India is a country that is expected to play a central role in the 21st century. Having a large and fast-growing economy, it is also strengthening its military and is well positioned to dominate South Asia and extend its influence beyond it. But it must also face notable challenges, both domestically and geopolitically.
THE GEOGRAPHICAL BASES OF INDIA’S POWER
To understand India’s current international role and to anticipate the one it will have in the coming decades, it is necessary to analyse the geographic fundamentals of its power.
The first thing to consider is its dimension. India is a vast state and this has several positive and negative implications. On the one hand, this means that India can benefit from a notable strategic depth, but on the other it also means that connecting all the parts of its territory is a difficult endeavour.
This must be considered along with India’s configuration. Its territory presents a wide range of environments and climatic areas. Far to the north there are the towering mountains of Himalaya, a formidable geographic barrier that separates it from China. This is important, considering the complicated relations between the two powers.

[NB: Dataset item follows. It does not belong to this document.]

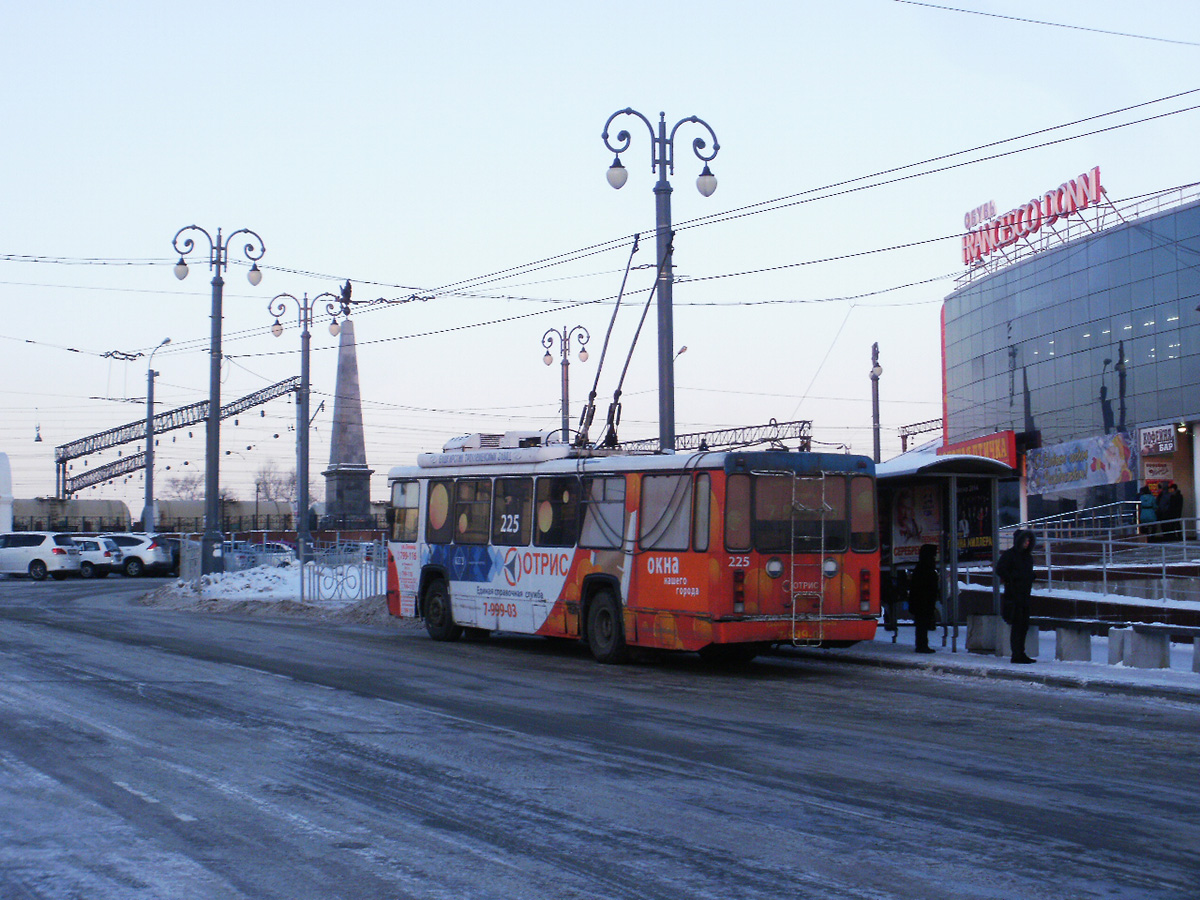Хабаровск, БТЗ-5276-04 № 225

Then, there are the fertile valleys of the Ganges and other rivers, which are vital sources of water and useful communication lanes that have favoured agriculture, industrialization and energy production.
The Deccan Plateau that occupies the southern part of the Peninsula is another notable geographic feature, also because of its mineral resources.
India holds quite abundant ore deposits that have helped its industrialization. In terms of energy, while it has its own production of oil and other fossil fuels, this is not sufficient to meet the country’s large and expanding needs.
Other areas include jungles, arid deserts and tropical shores; which all present both advantages and challenges: for instance, the Thar desert between India and Pakistan is a useful buffer zone, but is also a problem for economic development.
Finally, in terms of position India occupies most of South Asia, and its location favours both defence and power projection. As seen before, it benefits from good natural barriers to the north, but at the same time its neighbours are not friendly.
To the north-east, China is getting everyday more powerful and its geopolitical ambitions are a matter of concern for India.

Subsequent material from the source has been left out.